I rise today to introduce a bill that I hope takes us back to the original spirit and intent of the freedom of information laws. During my time in parliament, I have been quite familiar with these laws, both as a minister and a shadow minister and now as an Independent watchdog member of the Legislative Council. One issue I was first briefed on when I became a minister was that, with respect to freedom of information laws, I would not be advised on what was happening within my agencies and departments when they were freedom of information requests unless they directly involved my ministerial office.
That advice was given to me by a member who had been a long-standing minister of government, based on the premise and intent of the freedom of information legislation, namely, that it be freedom of information for South Australians, members of parliament and the media. I guess that also kept me on my toes to ensure that my knowledge was as good as possible with respect to what was happening within the agencies and departments for which I had responsibility as minister.
I will not retrace the full history of FOI laws as that will be for other members in their contributions, but I will highlight two significant events. First, the Freedom of Information Act was introduced—and I understand it began in South Australia as a private member's bill (which is another example of such bills becoming law)—by the Hon. Martin Cameron for the Liberal opposition early last decade, and it was then superseded by a government bill led by the Hon. Greg Crafter, who stated that the bill's three major premises were:
1. The individual has a right to know what information is contained in government records about him or herself.
2. A government that is open to public scrutiny is more accountable to the people that elect it.
3. Where people are informed about government policies, they are more likely to become involved in policy-making in government itself.
They are commendable statements from the Hon. Greg Crafter. A significant event in recent history I will refer to is what occurred on 1 January 2005. A policy was promulgated by gazettal on a very quiet media day: 1 January 2005. So, it was gazetted on 1 January 2005, and it was entitled 'Processing FOI applications, FOI process guide general, guideline January 2005, version 9', and it is on the State Records website. These guidelines set forth a whole range of policies and procedures that FOI officers are required to follow.

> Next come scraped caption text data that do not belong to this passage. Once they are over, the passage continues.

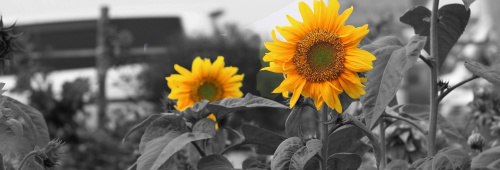 Schwarz-weiß Foto von Sonnenblumenfeld mit zwei gelben Sonnenblumen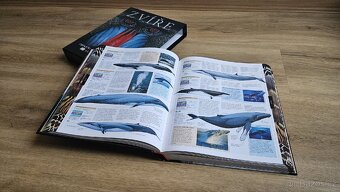 Krásná encyklopedie ZVÍŘATA, Knižní klub - 5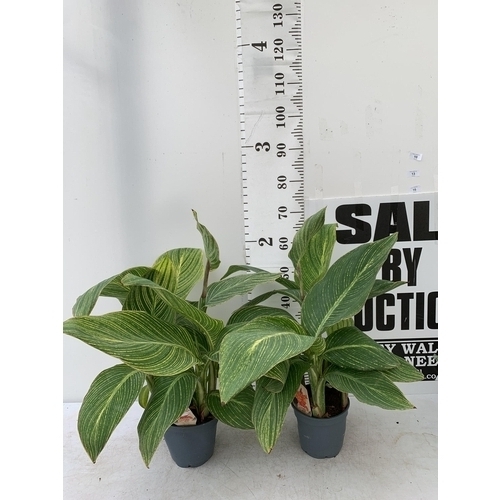 17 - TWO EXCLUSIVE LARGE CANNA VARIEGATED PRETORIA APPROX 80CM IN HEIGHT IN 2 LTR POTS PLUS VAT TO BE SOL... 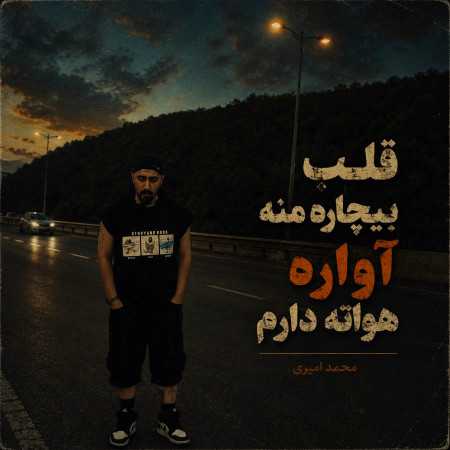 قلب بیچاره منه آواره هواته دارم از محمد امیری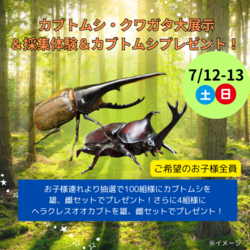 カブトムシ・クワガタ大展示＆採集体験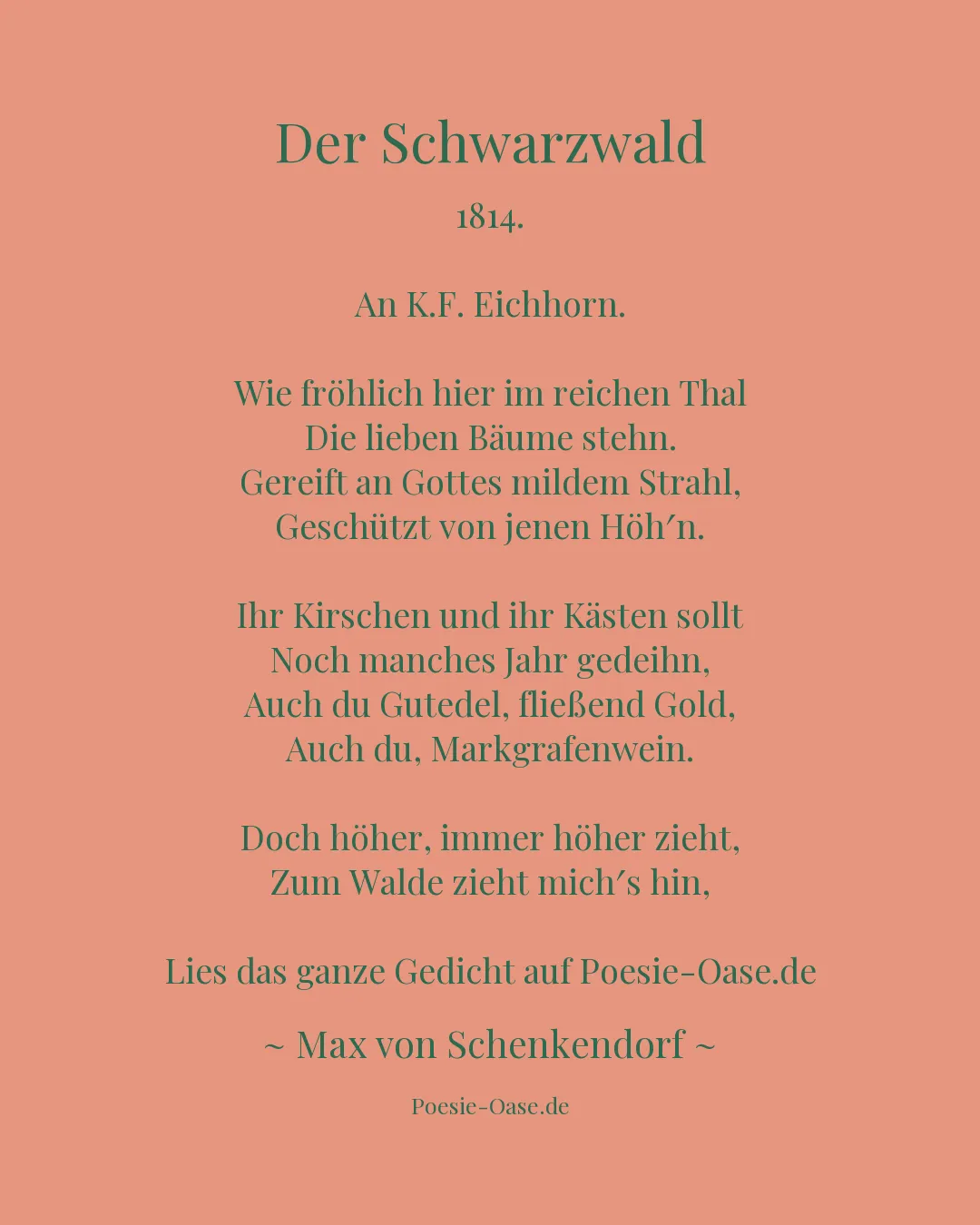 Illustration zu Der Schwarzwald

I highlight to the council that these are government guidelines, not law. It is simply a policy that the government decided to put up, for reasons of which I am suspicious. Even though some FOI officers that my office deals with think that what the government sent through with that gazettal is law, we have had to point out on occasions to these FOI officers that the policy is not law and that they may be in breach of their legal duties under that legislation by following those guidelines and not following the legislation as passed by the parliament of South Australia.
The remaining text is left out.